Muss man sich da wundern, wenn amerikanische Strategen es leid sind, nach Ersatzpersern zu suchen, und daher nach Wegen fragen, das Original, also den Iran selbst, wieder ins Bett zu bekommen? Wundern müsste einen, wenn sie es nicht wenigstens in Erwägung zögen.

Für die USA liegen die – zumindest kurzfristigen – Vorteile auf der Hand:

Erstens wäre es bedeutend leichter, den Irak zu stabilisieren und sich halbwegs mit Anstand von dort zurückzuziehen.

Zweitens hätte man einen Alliierten, der sich vor einem (sunnitisch!-)islamistischen, dazu atomar bewaffneten Pakistan selbst bedroht fühlen müsste, zugleich aber in der Lage wäre, die dann unvermeidliche Kriegführung zu Lande selbst zu übernehmen. (Bereits Bushs Atomdeal mit Indien deutet darauf hin, dass man Pakistan mittelfristig nicht als Allierten, sondern als Feind einplant.) Die USA selbst sind dazu nur noch beschränkt in der Lage; es wäre für sie vorteilhaft, auf die Methode des Stellvertreterkrieges zurückzugreifen – dafür aber bedarf es eines Stellvertreters.

Drittens stünde einer der größten Erdölproduzenten der Welt auf seiten Amerikas.

Viertens würde selbst ein Umsturz im Iran, der ja nur ein demokratischer sein könnte, nicht wie 1979 dazu führen, dass der Alliierte sich in einen Feind verwandelt.
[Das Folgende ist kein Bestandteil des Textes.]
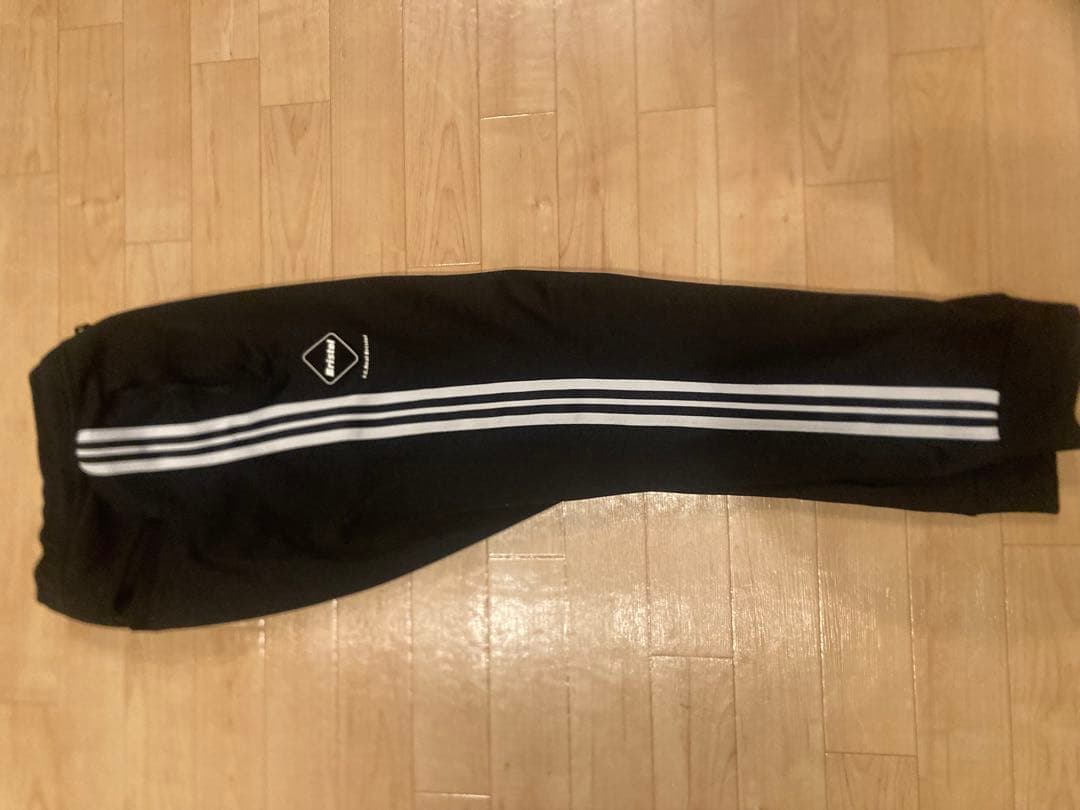 F.C.Real Bristolジャージパンツ希少！！早い者勝ち！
Anders als bei allen anderen islamischen „Verbündeten“ Amerikas.

Woraus sich bereits der erste Grund ergibt, warum der Iran an einer solchen Konstellation interessiert sein könnte: Er ist das einzige islamische Land, dessen Regierung durch eine proamerikanische Politik an Popularität eher gewinnen als verlieren würde – gerade in oppositionellen Kreisen.

Zweitens könnte das Regime damit rechnen, dass die demokratische Opposition keine Unterstützung aus den USA mehr bekäme.
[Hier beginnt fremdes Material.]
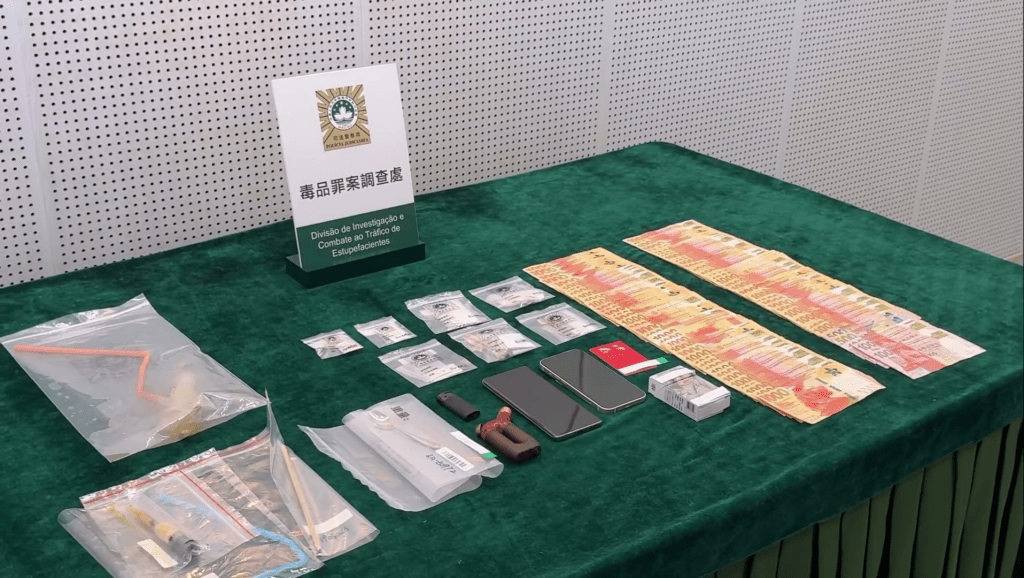 司警展示涉案證物。FB:司警教室 司警展示涉案證物。FB:司警教室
Drittens wäre die amerikanische Interventionsdrohung vom Tisch.

Viertens bekäme der Iran wieder uneingeschränkten Zugang zum Weltmarkt, den er dringend braucht, um seine Wirtschaft zu modernisieren und in Schwung zu bringen und seinen zum Teil hochqualifizierten, aber arbeitslosen und entsprechend unzufriedenen jungen Leuten eine Perspektive zu geben.
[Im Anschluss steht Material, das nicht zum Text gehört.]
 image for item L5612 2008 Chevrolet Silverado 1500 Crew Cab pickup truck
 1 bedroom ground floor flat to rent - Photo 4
Fünftens wäre der Iran als Juniorpartner Amerikas die unangefochtene Führungsmacht der Region. Nicht nur würde er den schiitisch geführten Irak dominieren; auch den arabischen Golfstaaten, dazu Syrien und Jordanien bliebe ohne amerikanische Rückendeckung kaum etwas anderes übrig, als sich verstärkt an der iranischen Politik zu orientieren. (Paradoxerweise würde sich ihre Abhängigkeit von Amerika – und damit dessen Macht – gleichzeitig noch vergößern, weil die USA dann die einzige Macht wären, die verhindern könnte, dass die iranische Hegemonie sich zu einem regelrechten Imperium auswachsen würde, für das die arabischen Staaten östlich des Suezkanals bloß noch Quasi-Kolonien wären. Die Amerikaner könnten durchaus versucht sein, dasselbe Spiel wie in Europa zu spielen, dessen Staaten zwar nicht nur, aber auch nicht zuletzt deshalb von Amerika abhängig sind, weil dessen Präsenz die sicherste Garantie gegen ein womöglich wiederauflebendes deutsches Hegemoniestreben ist; dass die USA zugleich mit Deutschland verbündet sind, steht dem nicht entgegen, im Gegenteil!)

Sechstens müsste Amerika die Atomrüstung des Iran zumindest stillschweigend dulden, zumal wenn sie (siehe Indien!) halbwegs plausibel als Defensivmaßnahme gegen Pakistan verkauft werden kann.

Einer solchen immer noch hypothetischen US-Politik würde natürlich eine Reihe von Milchmädchenrechnungen zugrundeliegen. Was aber nur heißt, dass sie scheitern würde, nicht, dass sie nicht versucht werden kann: Die Fähigkeit Amerikas, Geister zu rufen, die es dann nicht mehr loswird, ist legendär; im Übrigen tummeln sich nirgendwo so viele Milchmädchen wie in der Politik:

Mit einem zur Großmacht aufgebauten Iran bekäme die islamische Welt, was sie bisher nicht hat: eine Führungsmacht als strategisches Zentrum. Es würde sich rächen, dass die Vereinigten Staaten dazu neigen, den westlich-islamischen Gegensatz als solchen zu unterschätzen und bloß „Extremisten“ und „Terroristen“ für Feinde zu halten, während der Islam selbst doch eine Religion des Friedens sei. Und wer da glauben sollte, der sunnitisch-schiitische Gegensatz allein würde die Araber davon abhalten, die Führung Irans zu akzeptieren, müsste sich wohl alsbald belehren lassen, dass die Schiitenfeindlichkeit der Sunniten bei entsprechender Konstellation politisch kaum bedeutender ist als der Antiamerikanismus der Europäer.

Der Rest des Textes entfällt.